Key findings from the literature indicate that the trial successfully improved the clarity of research goals and the path to impact. Participants reported better alignment of science and support functions with national challenge goals after implementing the model. The process facilitated enhanced communication of expected impacts both internally and with external stakeholders. The authors identified that significant value was achieved through the collaborative process of model development itself. The trial demonstrated that involving project participants in the design phase is a critical factor for success. These results suggest that structured logic approaches help bridge the gap between scientific activities and measurable national outcomes. The evidence shows that the framework helps translate complex research programs into understandable impact pathways. The findings provide a practical template for other research managers seeking to improve their performance evaluation and strategic planning.

Conclusions:

The authors propose that logic models provide substantial value for managers overseeing complex scientific research portfolios. Synthesis and implications suggest that the collaborative development process itself generates as much utility as the final diagrammatic output. Participants gain a deeper understanding of how their daily tasks contribute to overarching national objectives. The evidence indicates that involving project staff directly in model creation fosters better alignment across diverse organizational functions. Clearer communication of research goals emerged as a primary benefit for both internal teams and external stakeholders. Managers should prioritize inclusive development sessions to maximize the effectiveness of these planning frameworks. The findings highlight that structured logic approaches facilitate a more transparent path toward achieving measurable economic and social impact. Future applications of these models may help other research institutions improve their strategic planning and performance evaluation efforts.

The researchers propose that the logic model improves clarity regarding research goals and the trajectory toward impact. By aligning science activities with national challenge goals, the organization achieved better coordination between support functions and primary research objectives during the trial.

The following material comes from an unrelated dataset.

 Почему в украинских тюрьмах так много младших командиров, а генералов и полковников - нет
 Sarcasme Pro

The Preventative Health National Research Flagship served as the specific organizational unit for the trial. This component allowed the agency to test the model in a mission-driven environment focused on delivering national-level results.

The authors emphasize that active involvement of project participants is necessary for success. This participatory approach ensures that those executing the research have a major role in defining the logic, which enhances the overall utility of the planning process.

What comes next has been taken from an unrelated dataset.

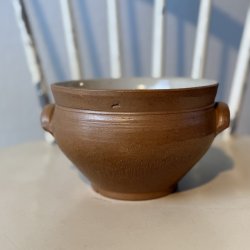 Fransk Lertj Skle - 15 CM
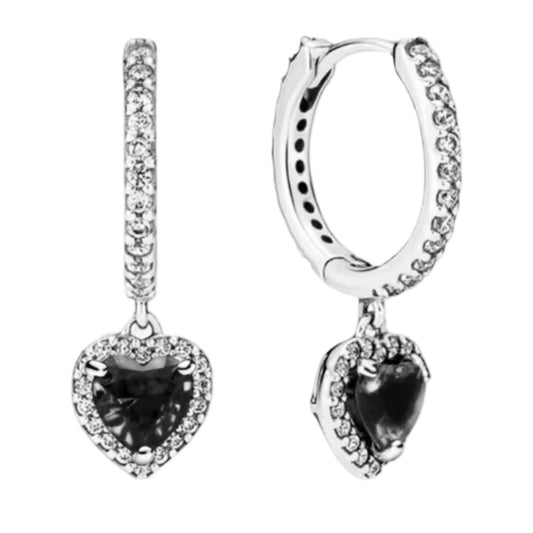 AROS DE AMOR NEGRO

The agency utilized the logic model as a strategic tool to improve impact planning and evaluation. This data type helps bridge the gap between scientific activities and broader economic, environmental, or social outcomes at the national level.

The researchers observed improvements in communication regarding expected outcomes both within the agency and with external parties. This phenomenon suggests that the model acts as a shared language for articulating the value of complex scientific work.

The authors suggest that managers of scientific research projects should consider adopting similar logic models. They claim that the process of developing these models provides significant value, regardless of the final document produced.